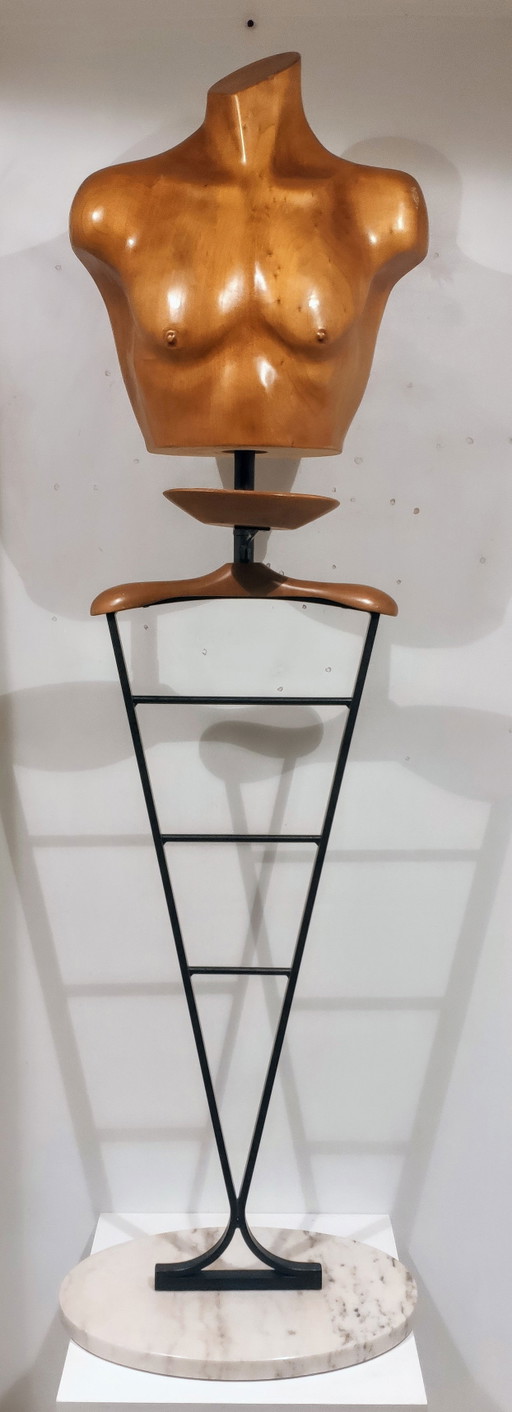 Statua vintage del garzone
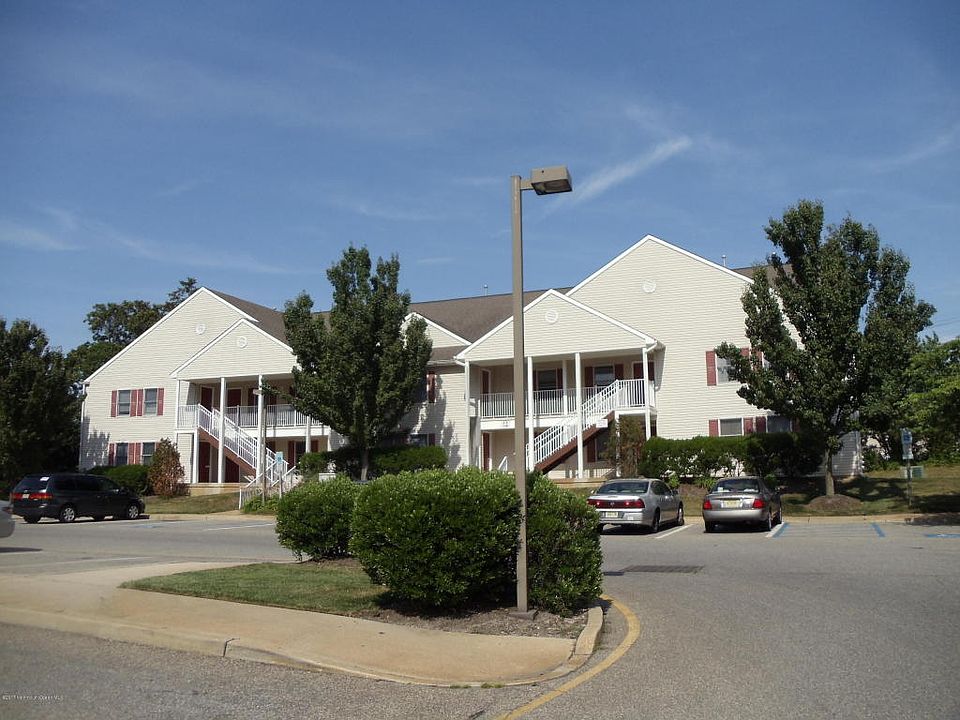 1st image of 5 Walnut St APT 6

...

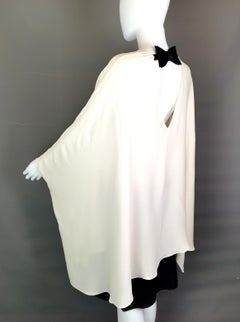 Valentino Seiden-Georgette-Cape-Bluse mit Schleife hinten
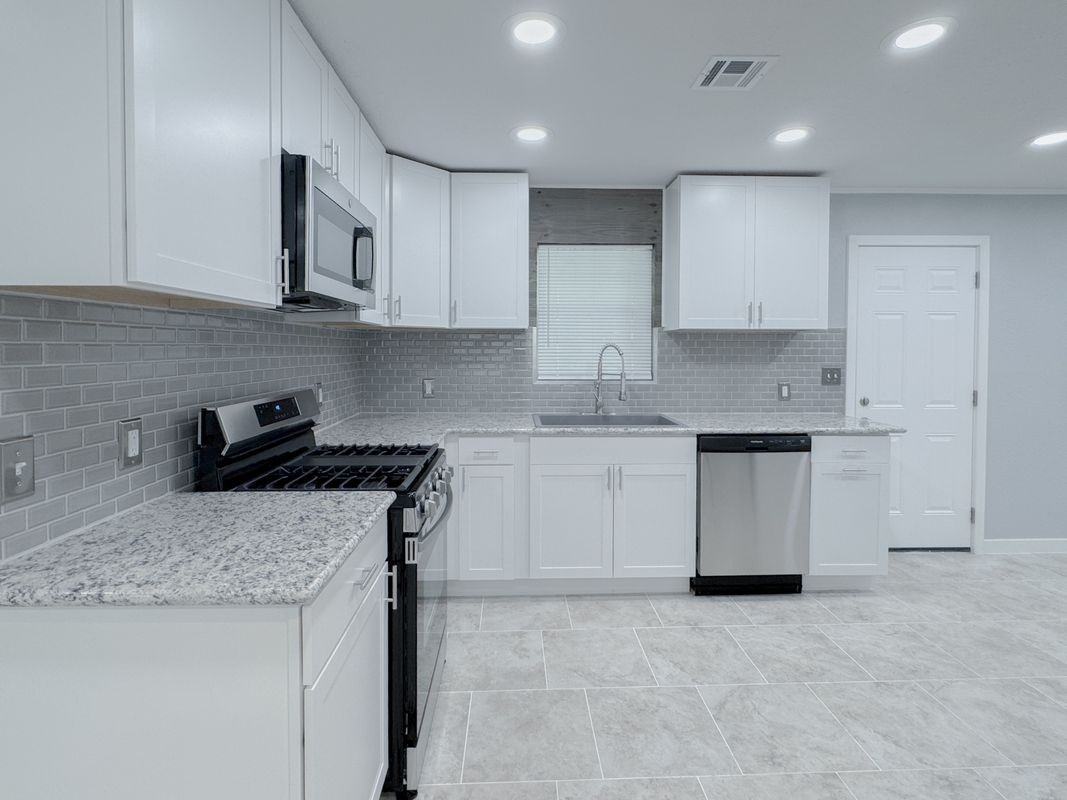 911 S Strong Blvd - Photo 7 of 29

> Action item
Print, exactly and with no pictures, the lines of the listing above starting at the one that has "Valentino Seiden-Georgette-Cape-Bluse mit" and ending at the one that has "911 S Strong Blvd - Photo 7 of 29", both included.

> Answer space
 Valentino Seiden-Georgette-Cape-Bluse mit Schleife hinten
 911 S Strong Blvd - Photo 7 of 29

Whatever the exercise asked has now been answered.